Sans entrer dans tous les détails, c’est plutôt rassurant, mais sur les cancers, cela ne nous dit rien de la sur-gravité éventuelle (rémission/rechutes ; survie à 1 an, à 5 ans, risque de décès, etc.). Par ailleurs, sur le vieillissement précoce ou pas, on ne peut prendre les seuls cancers comme unique critère. Ainsi une présentation de Isabelle Poizot-Martin (médecin à Marseille, lors du symposium du lundi sur "Echec thérapeutique") montre que les taux de comorbidités (autres maladies associées) des séropositifs de 41 à 50 ans sont les mêmes que ceux de la population générale de plus de 60 ans. Elle montre aussi que l’athérosclérose et l’artériosclérose (deux pathologies pourvoyeuses d’infarctus) sont plus précoces (impact du VIH et de certains médicaments : nucléosides et antiprotéases particulièrement). Elle montre enfin que trois troubles biologiques sont présents et aggravés in vitro avec le virus VIH. Il s’agit de la laminopathie, qui est un  vieillissement génétique accéléré des cellules ; l’atteinte des mitochondries, qui est comme le poumon et l’usine d’énergie de nos cellules ; enfin le raccourcissement des télomères, ces bouts de chromosomes qui sont comme le code génétique de notre espérance de vie. Les études cliniques chez l’être humain sont en cours.

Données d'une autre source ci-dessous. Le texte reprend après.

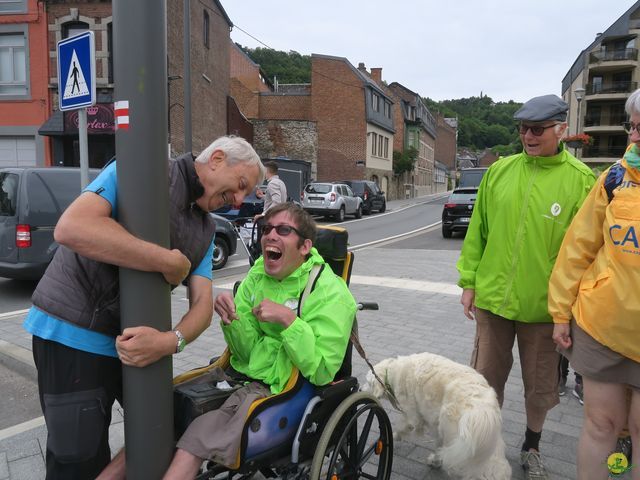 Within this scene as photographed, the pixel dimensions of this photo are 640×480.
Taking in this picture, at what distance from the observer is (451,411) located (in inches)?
106

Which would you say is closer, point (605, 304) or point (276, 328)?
point (605, 304)

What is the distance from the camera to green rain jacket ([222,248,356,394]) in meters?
2.21

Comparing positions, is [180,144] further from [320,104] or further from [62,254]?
[62,254]

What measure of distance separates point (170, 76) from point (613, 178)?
66.5 feet

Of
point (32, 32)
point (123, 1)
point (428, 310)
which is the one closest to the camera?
point (123, 1)

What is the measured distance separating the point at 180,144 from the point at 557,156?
20779 mm

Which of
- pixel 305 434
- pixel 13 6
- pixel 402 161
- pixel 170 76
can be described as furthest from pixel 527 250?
pixel 402 161

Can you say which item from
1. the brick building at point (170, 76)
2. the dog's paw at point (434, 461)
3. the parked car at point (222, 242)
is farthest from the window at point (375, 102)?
the dog's paw at point (434, 461)

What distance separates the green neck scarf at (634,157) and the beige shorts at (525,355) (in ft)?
3.48

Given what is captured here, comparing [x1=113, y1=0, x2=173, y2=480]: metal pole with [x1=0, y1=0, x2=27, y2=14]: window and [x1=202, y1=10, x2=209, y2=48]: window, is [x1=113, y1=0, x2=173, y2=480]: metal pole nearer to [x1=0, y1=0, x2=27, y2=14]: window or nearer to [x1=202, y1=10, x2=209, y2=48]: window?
[x1=0, y1=0, x2=27, y2=14]: window

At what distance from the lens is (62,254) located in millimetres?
1850

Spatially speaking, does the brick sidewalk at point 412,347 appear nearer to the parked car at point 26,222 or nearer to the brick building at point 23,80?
the parked car at point 26,222

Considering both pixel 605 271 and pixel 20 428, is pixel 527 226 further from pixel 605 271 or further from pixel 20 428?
pixel 20 428

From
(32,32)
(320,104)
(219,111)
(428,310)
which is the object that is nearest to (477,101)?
(320,104) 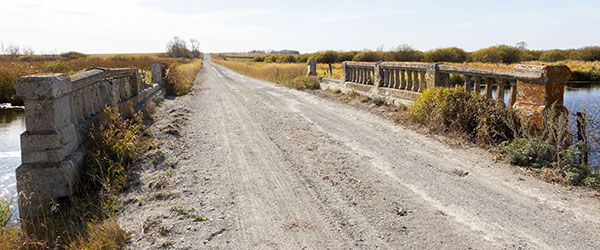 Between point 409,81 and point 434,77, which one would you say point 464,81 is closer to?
point 434,77

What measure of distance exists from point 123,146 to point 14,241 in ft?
8.06

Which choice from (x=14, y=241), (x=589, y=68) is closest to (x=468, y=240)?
(x=14, y=241)

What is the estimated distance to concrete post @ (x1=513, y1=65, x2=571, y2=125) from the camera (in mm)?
6141

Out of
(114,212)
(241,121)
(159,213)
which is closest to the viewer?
(159,213)

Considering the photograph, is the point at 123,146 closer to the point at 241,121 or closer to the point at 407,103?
the point at 241,121

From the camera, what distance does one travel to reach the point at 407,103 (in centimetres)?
1044

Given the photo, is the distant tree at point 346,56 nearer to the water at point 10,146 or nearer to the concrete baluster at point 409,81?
the water at point 10,146

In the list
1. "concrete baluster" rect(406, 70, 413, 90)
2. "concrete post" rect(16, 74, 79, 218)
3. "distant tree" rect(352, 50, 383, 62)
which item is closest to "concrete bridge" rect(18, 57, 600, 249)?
A: "concrete post" rect(16, 74, 79, 218)

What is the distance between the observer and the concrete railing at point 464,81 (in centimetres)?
621

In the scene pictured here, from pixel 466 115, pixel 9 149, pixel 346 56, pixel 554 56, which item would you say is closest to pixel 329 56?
pixel 346 56

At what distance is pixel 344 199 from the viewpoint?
4547 millimetres

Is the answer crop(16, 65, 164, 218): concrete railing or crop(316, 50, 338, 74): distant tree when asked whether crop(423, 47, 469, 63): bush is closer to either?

En résumé, si les données et conclusions présentées par Dominique Costagliola vont dans un sens rassurant, elles n’évacuent pas, et de loin, la question du vieillissement biologique précoce ou accéléré des séropositifs. Peut-être faudrait-il aussi distinguer des groupes de personnes plus ou moins concernées par ces vieillissements (traitées plus ou moins tôt, nature des médicaments et de l’histoire thérapeutique, etc.). Un débat qui aura encore probablement bien des rebondissements.